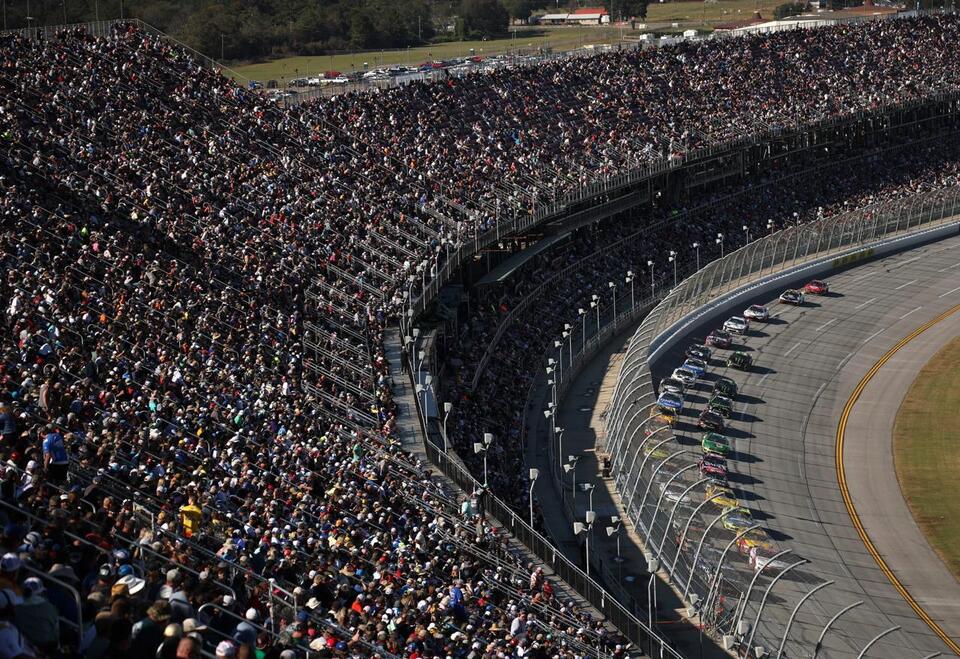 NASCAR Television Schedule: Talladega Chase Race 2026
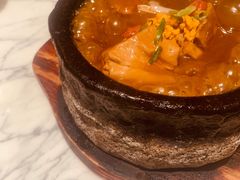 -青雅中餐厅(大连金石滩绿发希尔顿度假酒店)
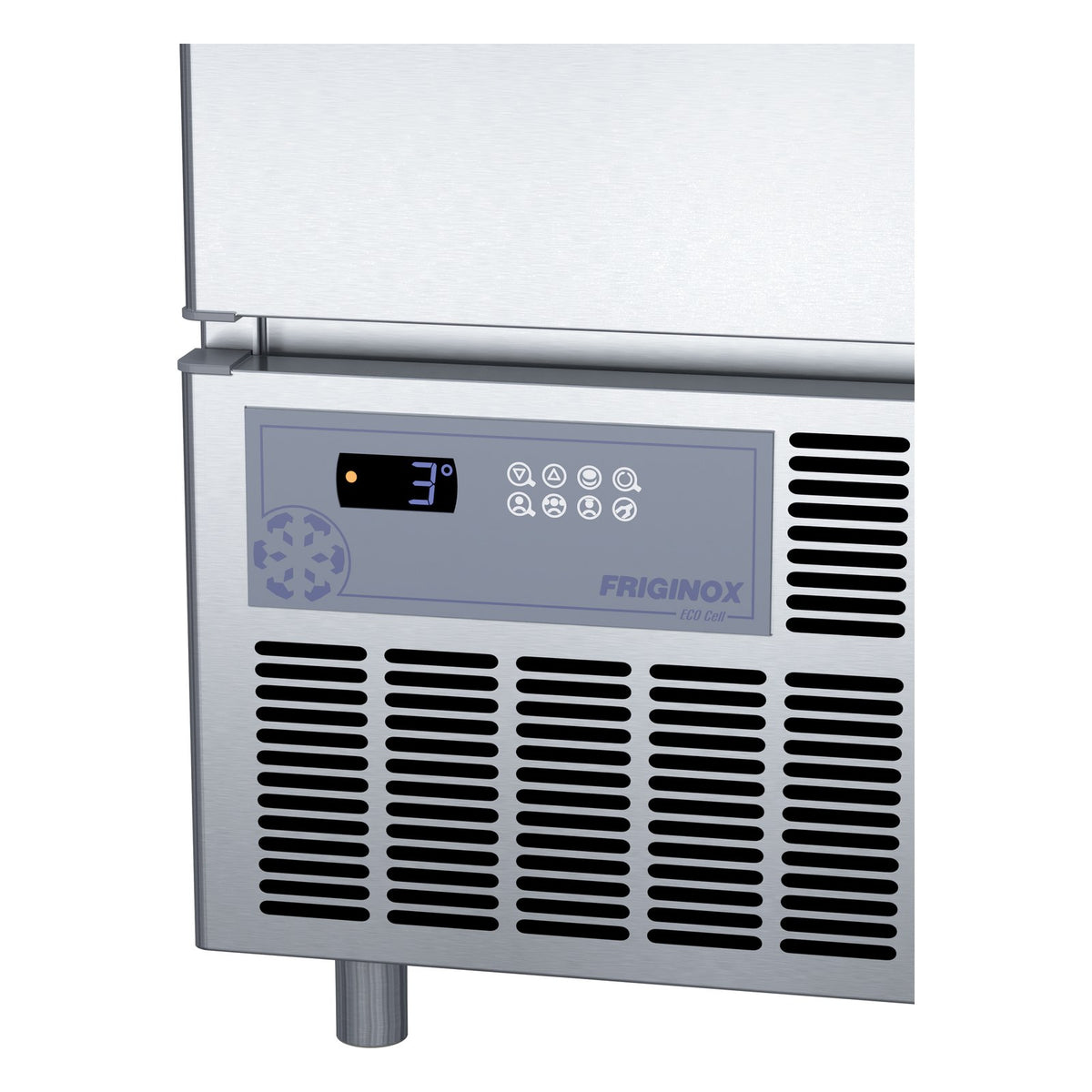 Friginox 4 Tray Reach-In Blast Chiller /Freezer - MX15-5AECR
==
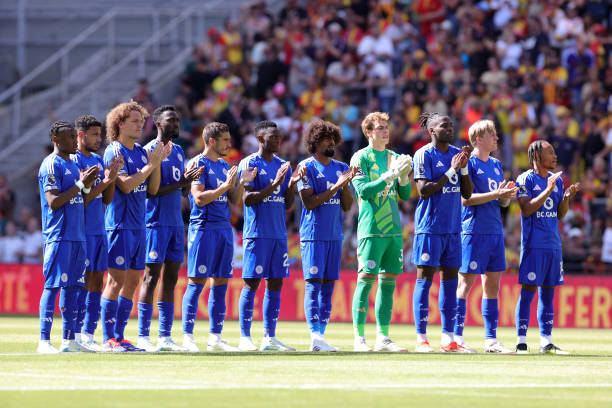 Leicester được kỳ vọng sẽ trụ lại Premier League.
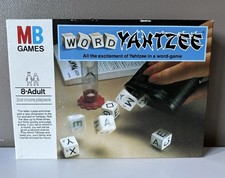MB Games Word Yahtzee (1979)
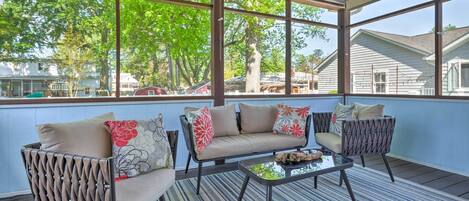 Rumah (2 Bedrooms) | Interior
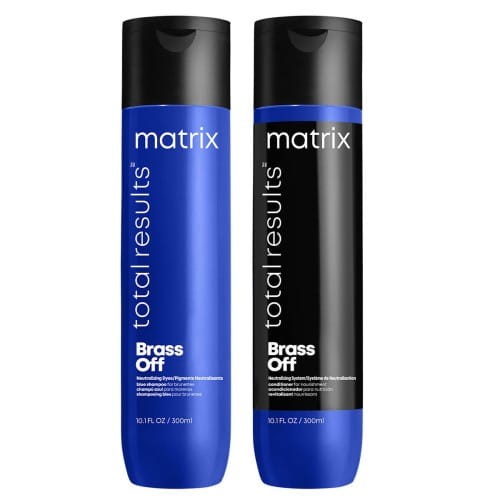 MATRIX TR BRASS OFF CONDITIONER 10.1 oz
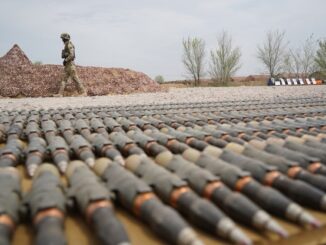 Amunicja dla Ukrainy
--
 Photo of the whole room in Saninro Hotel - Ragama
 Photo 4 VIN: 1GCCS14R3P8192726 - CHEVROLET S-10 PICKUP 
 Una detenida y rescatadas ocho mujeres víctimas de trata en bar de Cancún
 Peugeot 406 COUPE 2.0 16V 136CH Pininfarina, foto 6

* _TASK STATEMENT_
Look above for the line with "Leicester được kỳ" and the line with "Amunicja dla Ukrainy". Output those two and everything between them exactly, pictures excluded.

* _YOUR SOLUTION_
 Leicester được kỳ vọng sẽ trụ lại Premier League.
MB Games Word Yahtzee (1979)
 Rumah (2 Bedrooms) | Interior
 MATRIX TR BRASS OFF CONDITIONER 10.1 oz
 Amunicja dla Ukrainy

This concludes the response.